Data excerpt
□ □ □ □ □ □ □

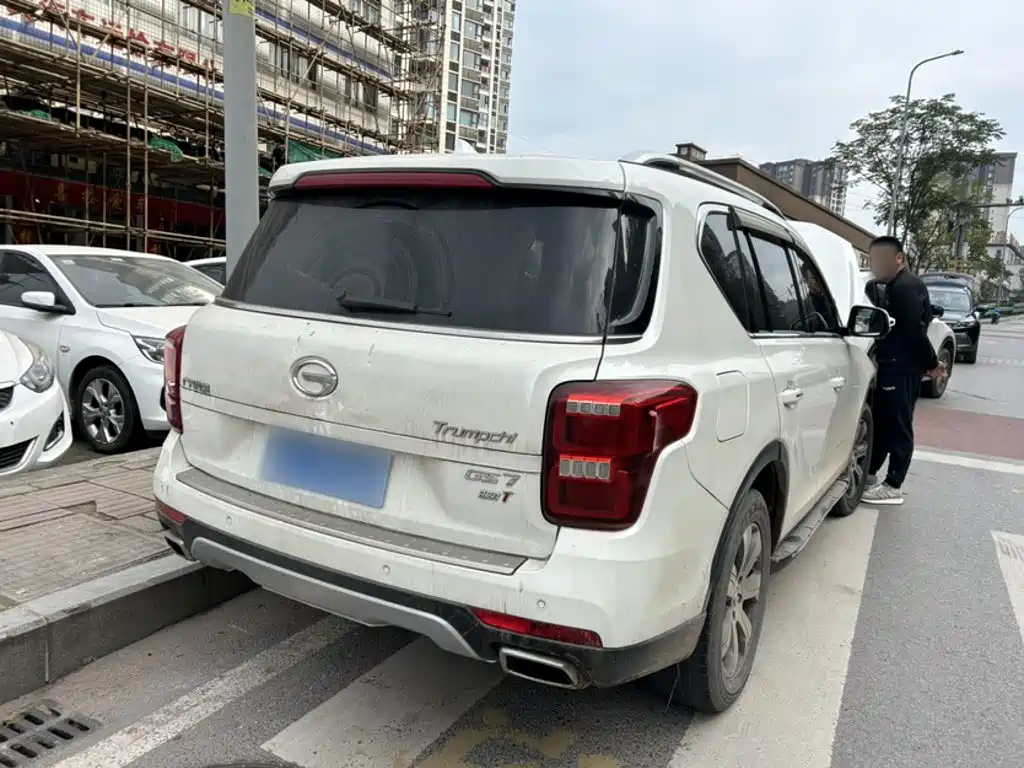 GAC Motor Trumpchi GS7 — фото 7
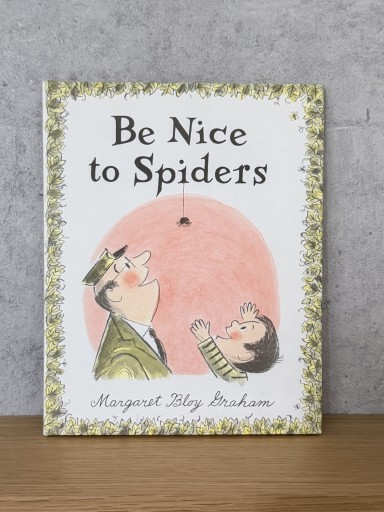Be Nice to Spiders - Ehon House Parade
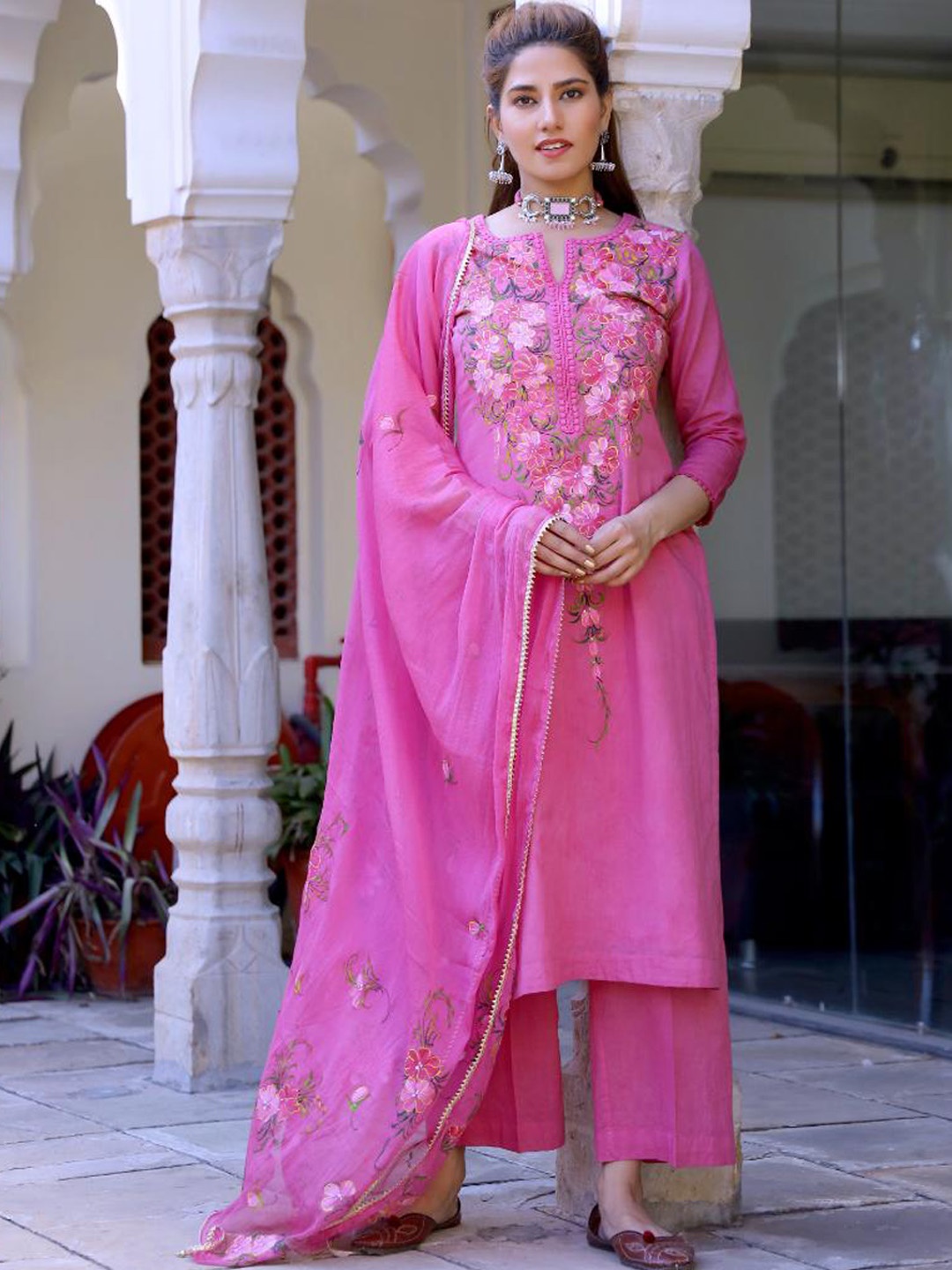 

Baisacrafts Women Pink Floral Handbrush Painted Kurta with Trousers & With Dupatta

□ □ □ □ □ □ □

Work instruction
Retype the full listing above precisely. Exclude each picture you find in it.

Answer space
 GAC Motor Trumpchi GS7 — фото 7
Be Nice to Spiders - Ehon House Parade

Baisacrafts Women Pink Floral Handbrush Painted Kurta with Trousers & With Dupatta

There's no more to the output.